This story brings to mind the occasional conservative argument that if rich people want to pay higher taxes so badly, why don't they just donate their money to the government? It's true that it is technically legal to write checks to the Treasury, but this is a weak argument. The animating motivation behind paying taxes is not the unalloyed joy of writing checks to the government but rather the knowledge that you are part of a collective system that is funding a government and its policies. One rich family's check might cover two staffers. A higher marginal tax rate helps pay down an entire federal budget.

Or does it? According to WSJ economics editor David Wessel, congressional estimators -- correcting for people who will dodge higher rates -- expect that for every percentage-point increase in the marginal tax rate levied above $372,950, the government would raise $73.5 billion over 10 years. Raising the top two rates by one percentage point would raise $100 billion over 100 years. That's serious money. But it's about one percent of the $9 trillion of debt we're expected to add over the next decade. When Obama campaigned on the promise of rolling back the Bush tax cuts -- like the Democrats' 2004 presidential nominee John Kerry -- it was a keystone of his fiscal restraint platform. Today a realistic fiscal policy will require much more than raising the top marginal rate to its 2000 level.

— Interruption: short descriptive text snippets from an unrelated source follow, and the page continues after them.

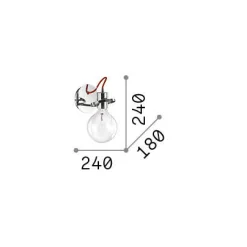 Ideal-Lux - Lampada da parete RADIO AP1 , 24 x 24 x h18 cm,<Dmora Cheap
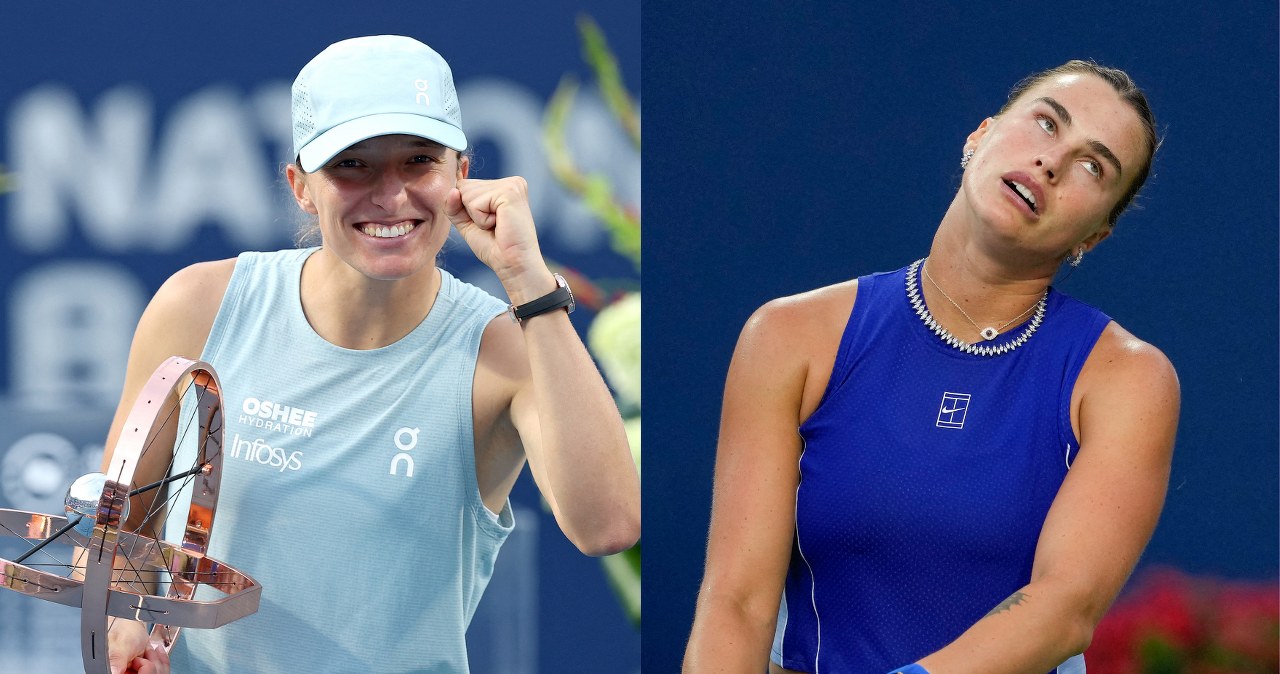 Sabalenka wyprzedzona. Iga Świątek świętuje awans w zestawieniu WTA 1000
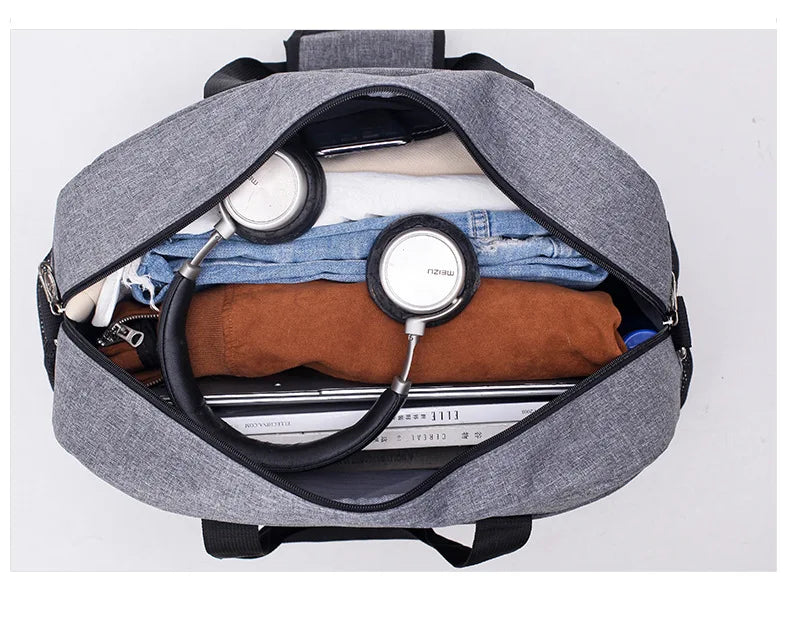 Waterproof Oxford Travel Bag Large Capacity Multi-Functional Weekend Tote Bag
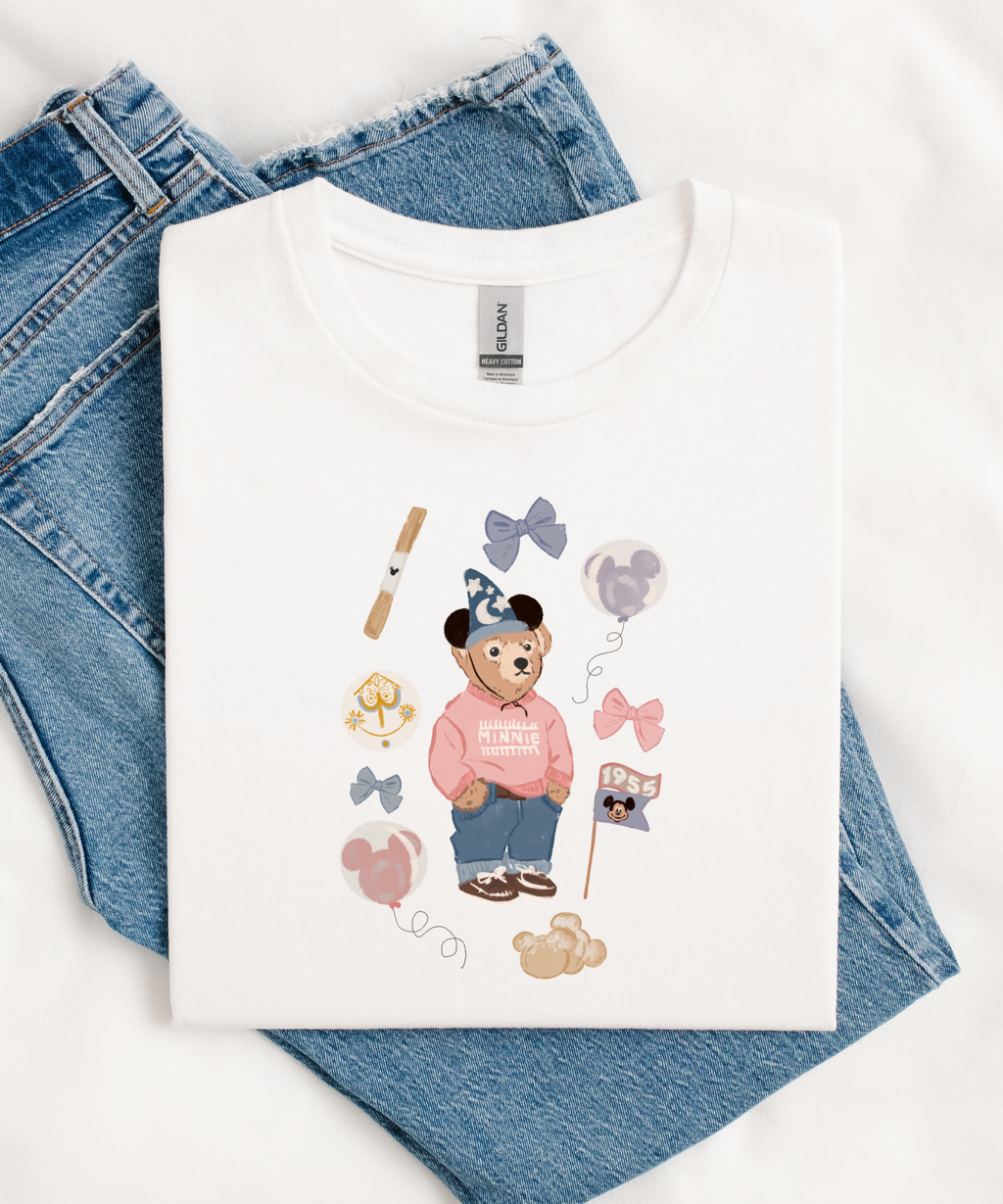 Minnie Bear - Tshirt/Sweatshirt - White/Blue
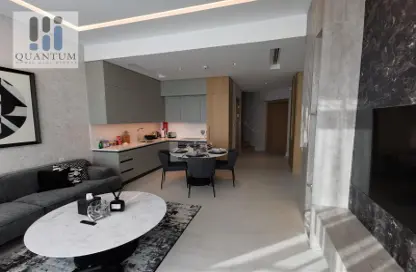 صورة لـ غرفة المعيشة / غرفة الطعام شقة - غرفة نوم - 2 حمامات للبيع في فندق ومساكن إس إل إس دبي - الخليج التجاري - دبي ، صورة رقم 1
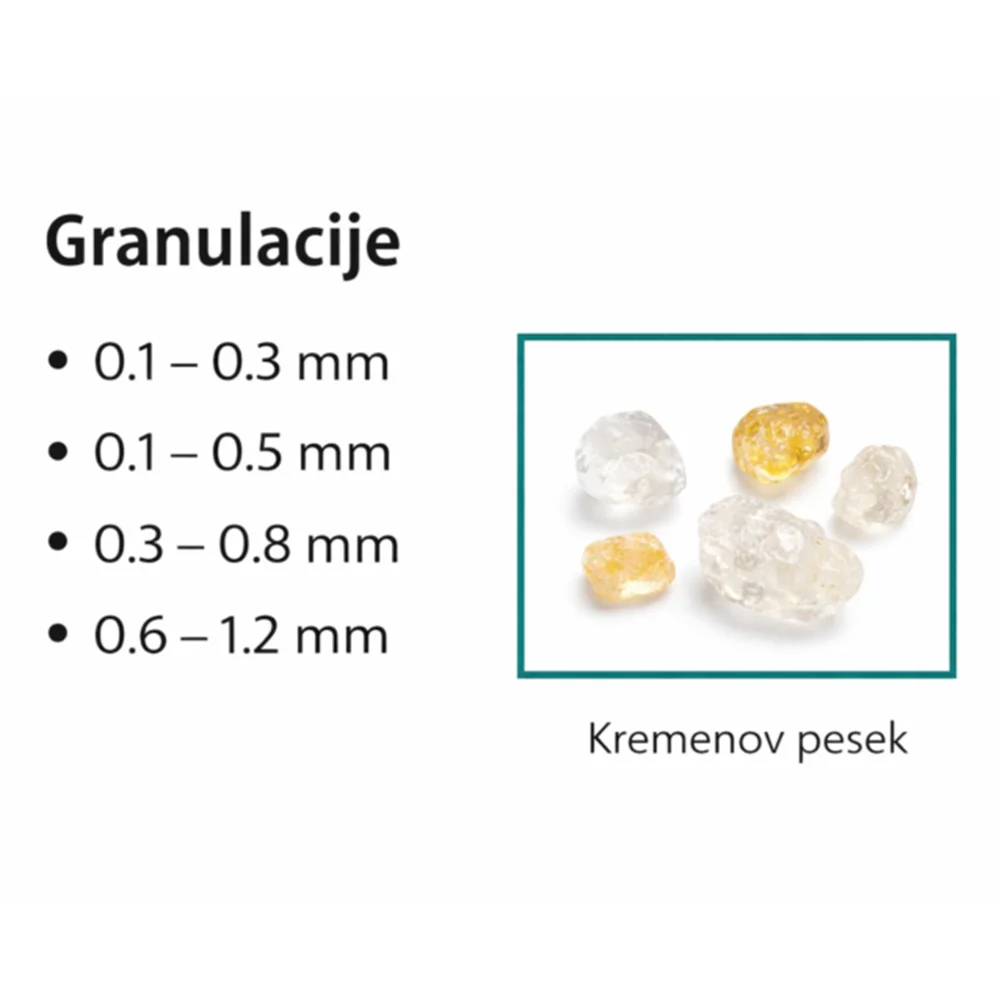 Kremenov pesek (protidrsni posip) 0,6–1,2 mm - slika 3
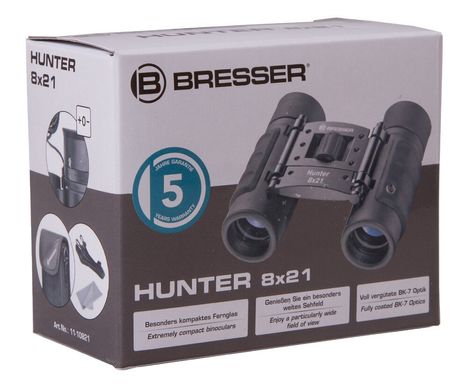 Бiнокль Bresser Hunter 8x21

The screaming over marginal rates is just a vocal warm-up for the tax showdown later this decade. A value-added tax, for comparison purposes, could raise hundreds of billions of dollars every year when fully enacted. A carbon tax could add a similar amount. US tax expenditures account for nearly $1 trillion of the US budget annually. There is quite of a lot of tax policy to reform. If we can't tweak the Bush tax cuts quietly, it bodes poorly for the inevitable tax debates to come.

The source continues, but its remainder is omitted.